> **INSTRUCTIONS FOR THE TASK**: Output nothing but the lines from the one holding "Шок: Самолет Боинг" to the end of the listing. Reproduce them exactly, without the pictures.

> **EXTRACTED MATERIAL**:

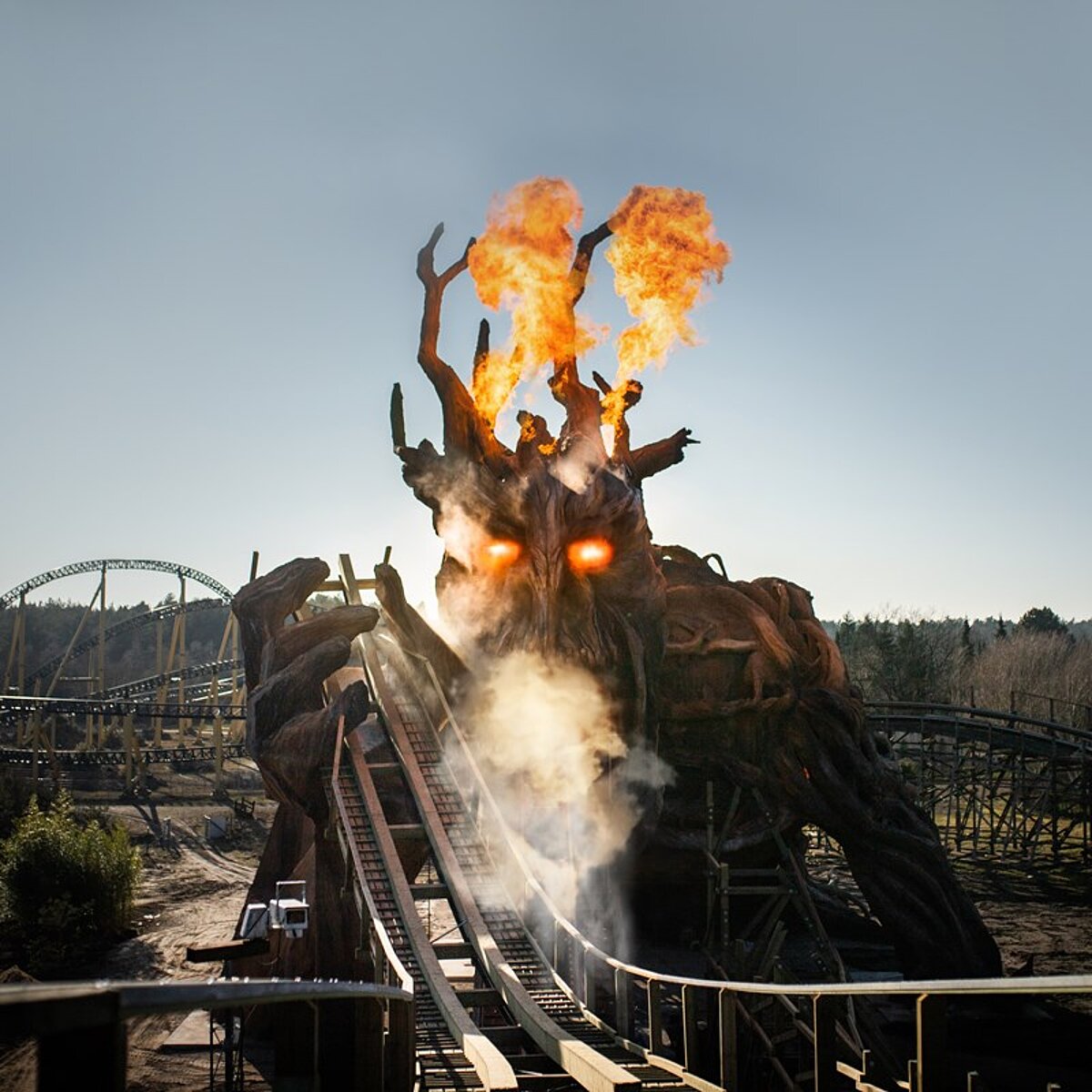Frontansicht des „Giganten“, welcher Feuer spuckt.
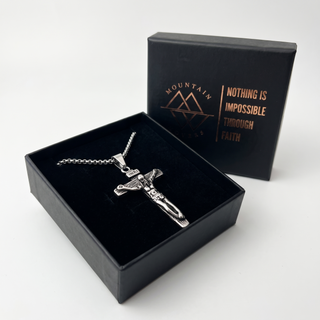 INRI Kette aus Edelstahl, Detailansicht des Anhängers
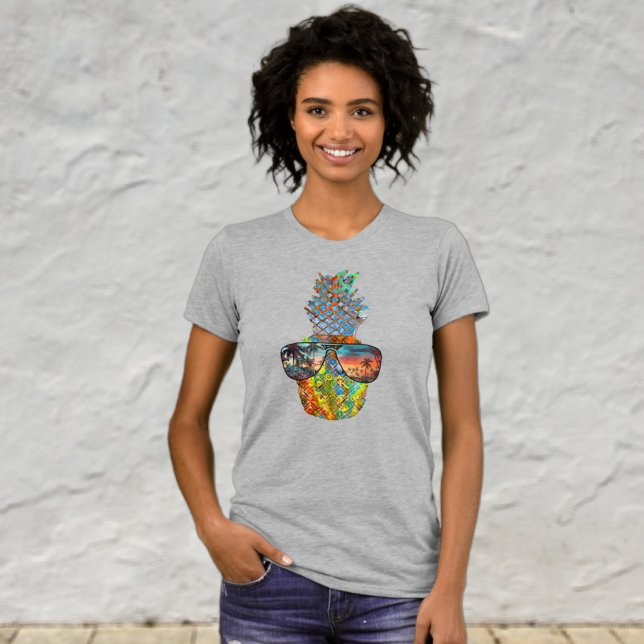 Camiseta Gráfica de Abacaxi Fofo com Óculos de Sol (Criador carregado)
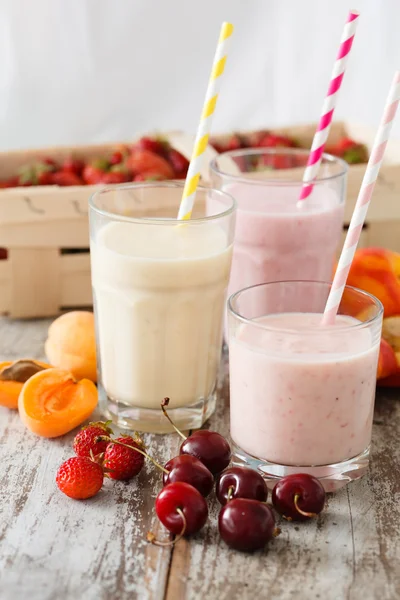 Fruit smoothies — Stock Photo, Image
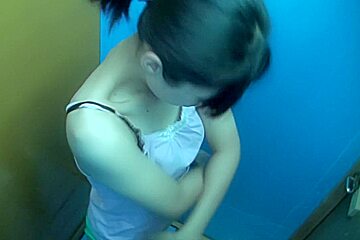 Japan girl changing bra to the bikini on camera shp36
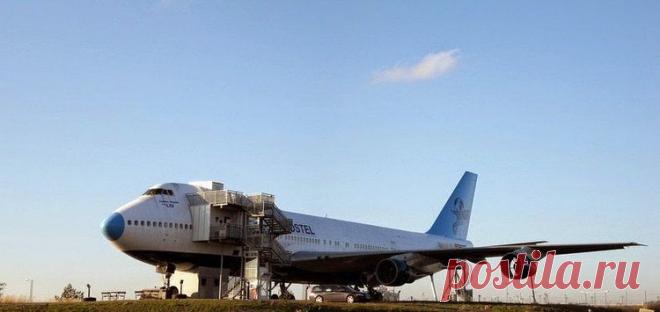 Шок: Самолет Боинг 747 переделали в отель Jumbo Hostel!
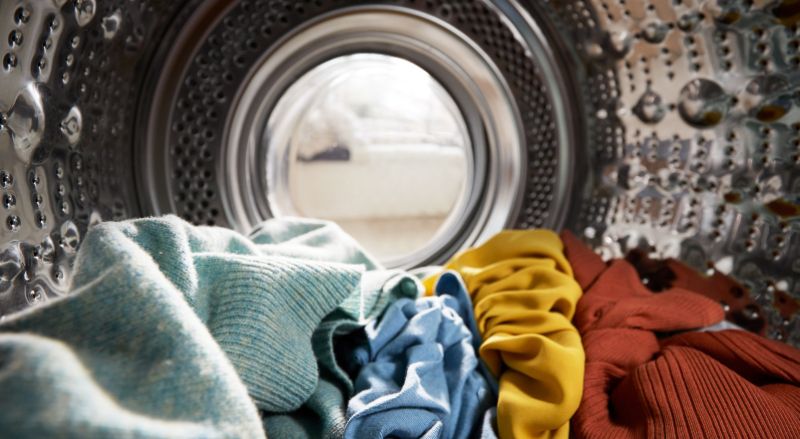 vetements secs dans un tambour de lave linge pour illustrer le fait que l eau n arrive pas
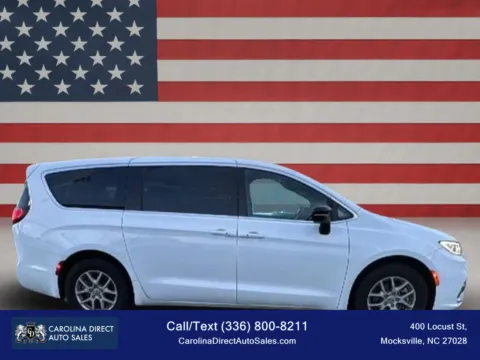 White 2025 Chrysler Pacifica Select Van 4D for sale in Mocksville, NC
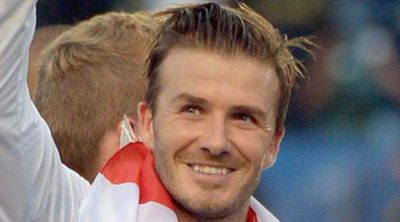 David Beckham vuelve a jugar al fútbol con unos estudiantes durante su viaje a China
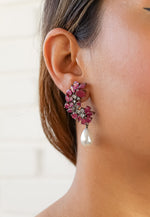 Bild in den Galerie-Viewer laden, frosty pearl earrings below 50 big bridal bride bridesmaid Bombay Sunset
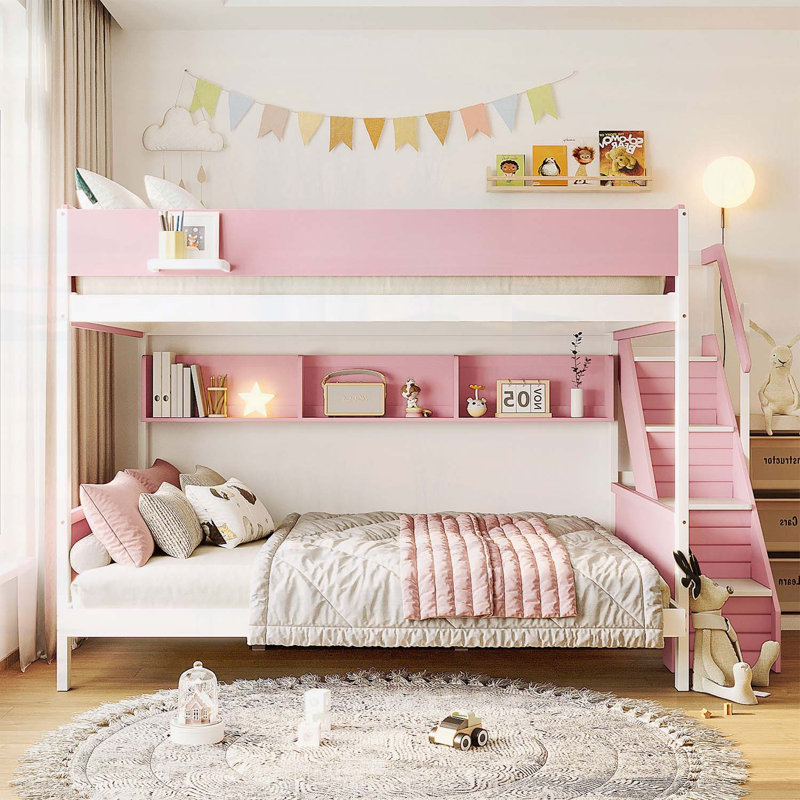 Lit superposé simple au-dessus de double avec escalier à rayures et tablettes latérales, rose, peu encombrant et élégant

> **EXERCISE RESPONSE**:
 Шок: Самолет Боинг 747 переделали в отель Jumbo Hostel!
 vetements secs dans un tambour de lave linge pour illustrer le fait que l eau n arrive pas
 White 2025 Chrysler Pacifica Select Van 4D for sale in Mocksville, NC
 David Beckham vuelve a jugar al fútbol con unos estudiantes durante su viaje a China
 Bild in den Galerie-Viewer laden, frosty pearl earrings below 50 big bridal bride bridesmaid Bombay Sunset
 Lit superposé simple au-dessus de double avec escalier à rayures et tablettes latérales, rose, peu encombrant et élégant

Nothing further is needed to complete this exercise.